The issue came from secure download handling in the Docker build process. Based on secure coding guidance, I replaced wget with curl and enforced HTTPS-only redirect behavior with TLS 1.2 to prevent downgrade or insecure redirect paths during Hugo binary download.
Fix PR: hugo-blog-example#5

After this change, PR checks passed again and, once merged, the main branch checks returned green:

Iteration 3: Centralized Workflows and Tag-Per-Merge in PR #6#
In the third iteration, I moved from in-repo workflow definitions to centralized reusable workflows (the model shown in this post). This mirrors how real platform teams manage CI/CD standards across multiple repositories.
Change PR: hugo-blog-example#6
Each merge now generates a new version tag automatically (as described in the Versioning Every Merge section), and each successful deploy publishes the image to Docker Hub.

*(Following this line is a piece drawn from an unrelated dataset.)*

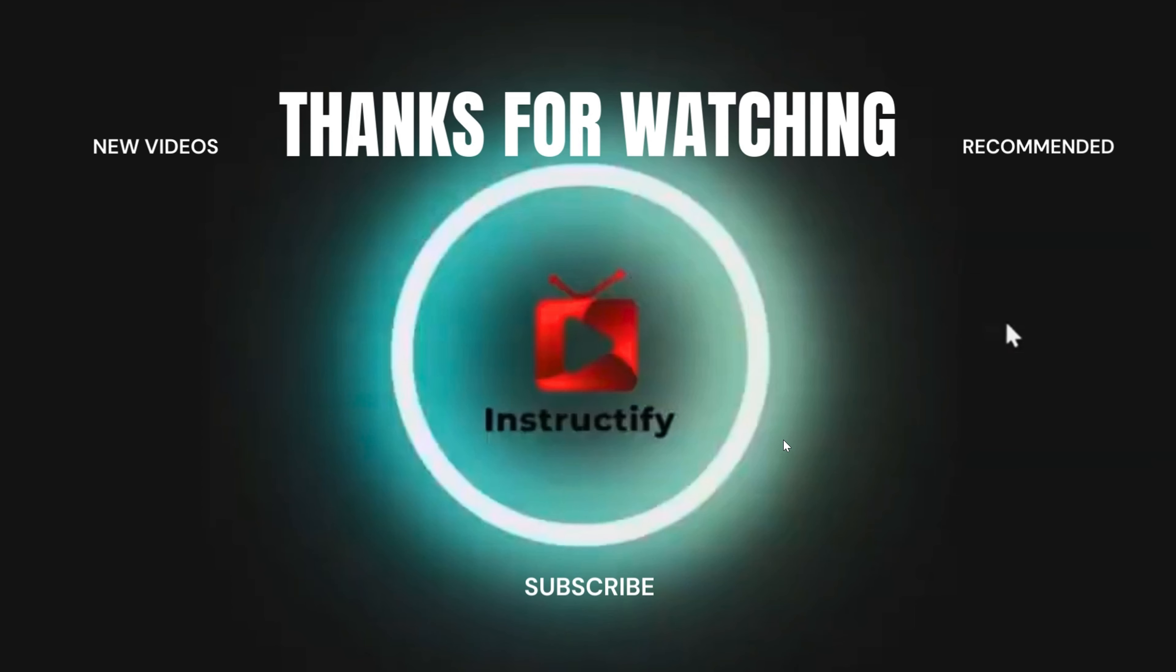If this video helped, make sure you like, subscribe, and leave a comment down below in the description. And I'll get back to you as soon as possible.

Docker Hub repository: anvaplus/hugo-blog-example
What This Teaches Us About Pipelines#
Here’s the lesson hidden in those iterations:
True enterprise CI/CD is not about having the fanciest pipeline. It’s about making the gates so strict that broken code simply cannot reach production.
In fintech, I have seen major incidents start with someone assuming a change was “probably fine.” It was not. What looked like a small shortcut turned into long remediation cycles, unnecessary risk, and expensive follow-up work.
By contrast, a strict pipeline can look heavy at first, with all the scans and gates in place, but it is still the cheapest form of protection you can add. Catching an issue in a pull request is a routine fix. Catching it after release is a much more painful problem.
A quick note on scope: this blog is not a step-by-step tutorial for each individual tool. If you’ve read this far, you already know how to add a secret in GitHub Actions or create an organization in SonarCloud—there are plenty of tutorials online for that. My goal here is to show you how these tools fit together in a production-grade setup, the same way I’ve seen them combined in regulated financial environments. All the code, workflows, and READMEs are publicly available in the companion repository. Take it, adapt it, and make it yours.
What’s Next: Deployment to Kubernetes#
Now that we have a hardened, scanned, and versioned container image, the next step is to deploy it to Kubernetes through the GitOps model I described in The Four-Repo GitOps Structure for My Homelab Platform.
That architecture separates platform services, reusable deployment blueprints, environment state, and Argo CD application definitions into distinct repositories. It is the operating model that turns this pipeline output into a real deployment flow, with controlled promotion, clear separation of concerns, and a public record of how image versions move toward the cluster.
Key Takeaways#
- Security gates are mandatory checkpoints, not nice-to-haves. They cost nothing to run (GitHub Actions is free) and catch issues early.
- Iterate ruthlessly. The first pass won’t be perfect. Expect to fix things. That’s the point of the pipeline.
- Know your tools:
- Gitleaks for secrets
- Trivy for vulnerabilities
- SonarQube for code quality
- Docker Buildx for multi-architecture builds
- Fail fast, fail early. Block bad code at the PR stage, not production.
- The pipeline is part of your platform. Invest in it like you invest in your infrastructure.
The full code for this blog’s pipeline is available in the public companion repository. Clone it, adapt it to your project, and start shipping hardened artifacts.